Indian public sector oil and gas companies like Gujarat State Petroleum Corporation and Oil India Limited are among the biggest investors in Africa’s oil sector. The Indian government’s Oil and Natural Gas Corporation (ONGC) has invested billions of dollars in Africa.

ONGC has “35 oil and gas assets in 15 countries.” Producing 15 million metric tonnes of oil equivalent in 2019-20 from these countries, ONGC provided more than 50 percent of India’s foreign oil production. ONGC’s African investment was originally set at around $16 Billion USD and is likely to grow as domestic demand increases.
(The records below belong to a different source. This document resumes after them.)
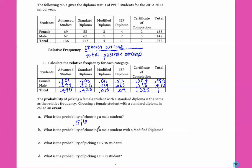What is the probability of choosing a male with a modified diploma? We're going to go in the male row and go over to modified diploma and get .004. What is the probability of picking a PVHS student? Everyone in here was a PVHS student, so we're looking at the total total, which was 1. And what is the probability of picking a Potomac Falls student? There are no Potomac Falls students in this chart, so the probability is 0.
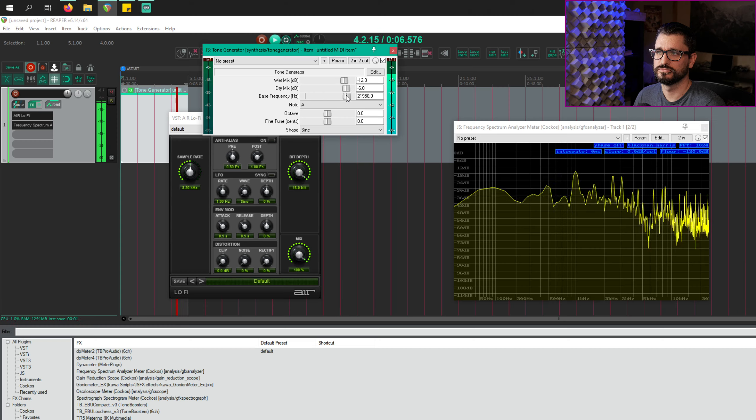Welcome to another ReaperBlog tutorial. Today, we're going to find aliasing distortion and plugins on purpose, but then use that to create new sound effects.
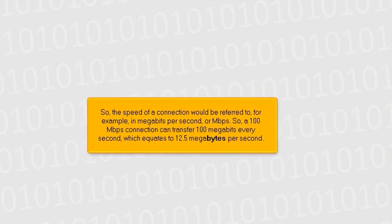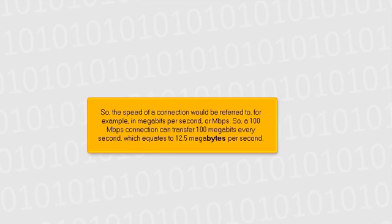So, the speed of a connection would be referred to, for example, in megabits per second, or Mbps. So, a 100 megabits connection can transfer 100 megabits every second, which equates to 12.5 megabytes per second.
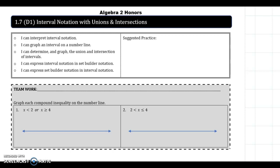Hey guys, today I'm going to go over the 1-7 notes with you on interval notation with unions and intersections. What I'd like you to do first is pause the video and take a minute to do these two teamwork problems.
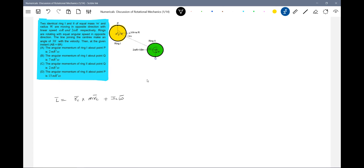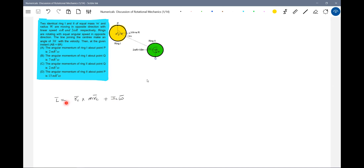This formula is applicable for all cases: if a rigid body has only rotational motion, only translational motion, or both translatory and rotatory motion. This one formula is enough to find the angular momentum of a rigid body in any case. Now let's go for L_Pz.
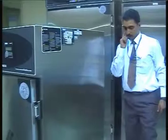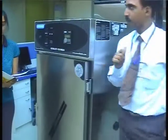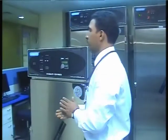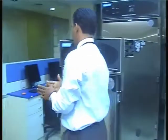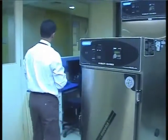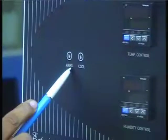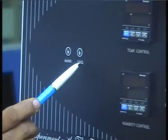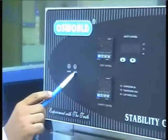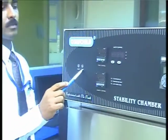I will now explain the manner of setting some of the individual components which are a part of the Oswald stability chamber. The cool switch is used to switch the cooling system on and off.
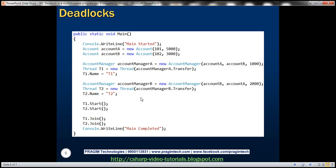This program is going to deadlock. When we call the Transfer method: for AccountManager A, from account is account A and to account is account B; for AccountManager B, from account is account B and to account is account A. These two methods are being executed on different threads — thread one and thread two.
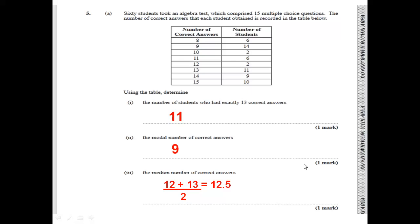Welcome back to my channel. Today I'll be looking at the CSEC Mathematics January 2021 Paper 2. I'll be covering questions 5 and 6 of this paper. If you're stopping by my channel for the first time, welcome — please hit that subscribe button and turn on your notification bell so you know when new videos are being uploaded. Also give this video a thumbs up so it can reach as many students as possible to help them prepare for upcoming exams. Let's get into this paper.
India also relies heavily on oil imports from Iraq, U.S., and Africa. India’s oil imports were at a three-year high last year with December 2020 registering imports of 5 million barrels a day. Despite the Net Zero noises in the U.S., it is a global leader in oil exports, and India is the fourth largest importer of U.S. crude. India could very well move higher up the rank as the first quarter of 2021 witnessed a historic increase in U.S. product.

The International Energy Agency says, “India will make up the biggest global share of energy demand growth from now until 2040” — well ahead of China. Industry experts believe that oil from the Middle East will meet a major proportion of this energy demand.

In order to reduce its dependency on imports (85 percent of Indian oil demand is supplied from abroad), India is expanding its domestic production fields. More than 20 new oil fields are up for grabs and investors are likely to pour in around $400 million USD during the ongoing Open Acreage Licensing Policy (OALP) Bids.

These recent investments were made despite India’s being a part of the Paris agreement. With such aggressive plans in place to meet oil demand, India’s commitment to produce more will not be deterred by “code red” declarations. The situation is unlikely to change in the next 10 years.